Street Art e calligrafia. Intervista con el Seed
Quarta e ultima tappa del nostro reportage dalla Tunisia. Dopo il racconto del Paese e della sua capitale, e dopo l’intervista a Lina Lazaar e Lilia Ben Salah, ai nostri microfoni c’è il più importante street artist del Maghreb: el Seed.
Il lavoro di eL Seed è una narrazione, un dialogo senza fine fra la storia universale dell’uomo e le storie individuali, in una declinazione continua tra cultura alta e cultura popolare. La calligrafia è il suo medium, con la sua estetica e la purezza di una scrittura dalle radici antichissime. eL Seed ha realizzato interventi su larga scala, autentici affreschi, nelle capitali del mondo, intervenendo spesso nei quartieri dove il disagio era la cifra caratteristica.
Che cos’è la calligrafia per eL Seed?
È una forma di poesia che non ha bisogno di essere tradotta, una forma di bellezza universale, una danza, un punto di congiunzione tra gli uomini, le culture, le generazioni.

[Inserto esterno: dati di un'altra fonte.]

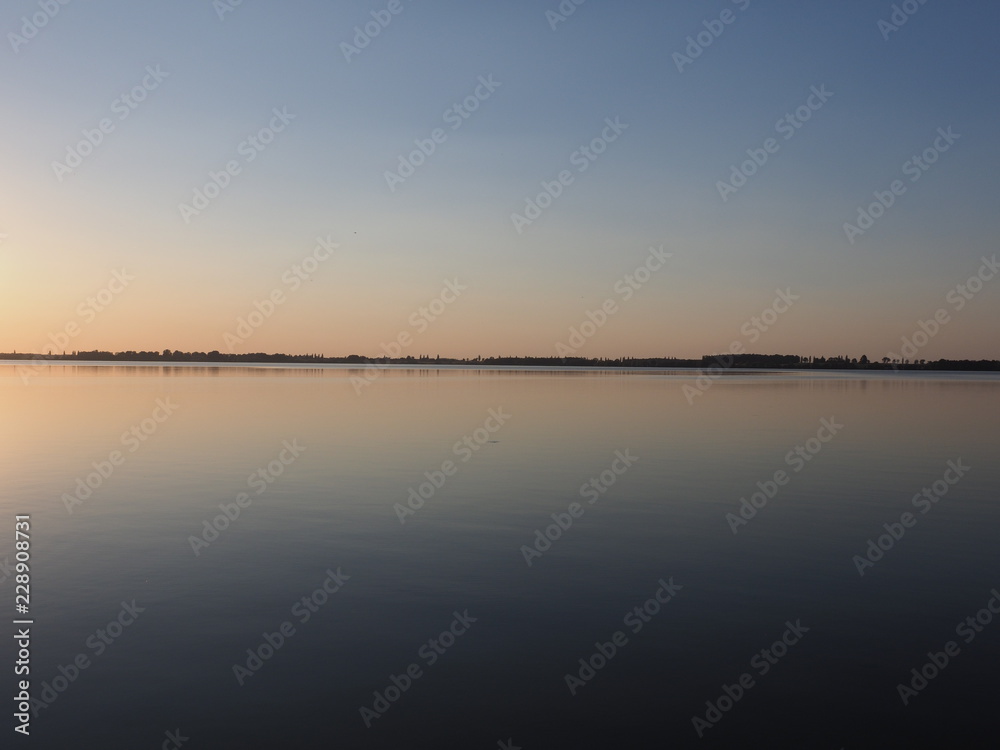 Amazing sun set over artificial european Goczalkowice Reservoir in Poland with beauty blue sky on landscape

La calligrafia come medium?
Sono nato e cresciuto in Francia da genitori tunisini e, durante la mia adolescenza, ho vissuto una crisi d’identità. Non sapevo se ero francese o tunisino o cos’altro, così ho deciso di essere solo tunisino e nel tempo mi sono reso conto che è stato un errore. All’inizio questa scelta mi ha spinto a imparare a leggere solo la lingua araba e, mentre approfondivo la mia cultura araba, ho scoperto la calligrafia. Mi ha permesso di riconciliarmi con la cultura francese. Oggi convivo con le mie diverse identità: quella araba, quella tunisina, quella francese.
Le tue opere hanno un valore politico e sociale.
Il fatto di lavorare in spazi pubblici e realizzare opere per contesti specifici in un dialogo diretto con una comunità ha una dimensione politica, per definizione. Come artista cerco sempre di evitare i messaggi naïf, genere “potere al popolo”. Quello che mi interessa è creare un dialogo attraverso il lavoro.
Concettualmente, come nasce il lavoro in un determinato luogo?
Innanzitutto da una profonda ricerca. L’intervento è sempre preceduto da una fase di studio. Faccio una ricerca sulla sua storia, sul contesto economico, politico e sociale, per far sì che il messaggio che scrivo sia in connessione con la cultura della gente, con il luogo. Quello che conta per me è legare il messaggio alla comunità. In questo modo si crea un legame tra le persone e il lavoro artistico.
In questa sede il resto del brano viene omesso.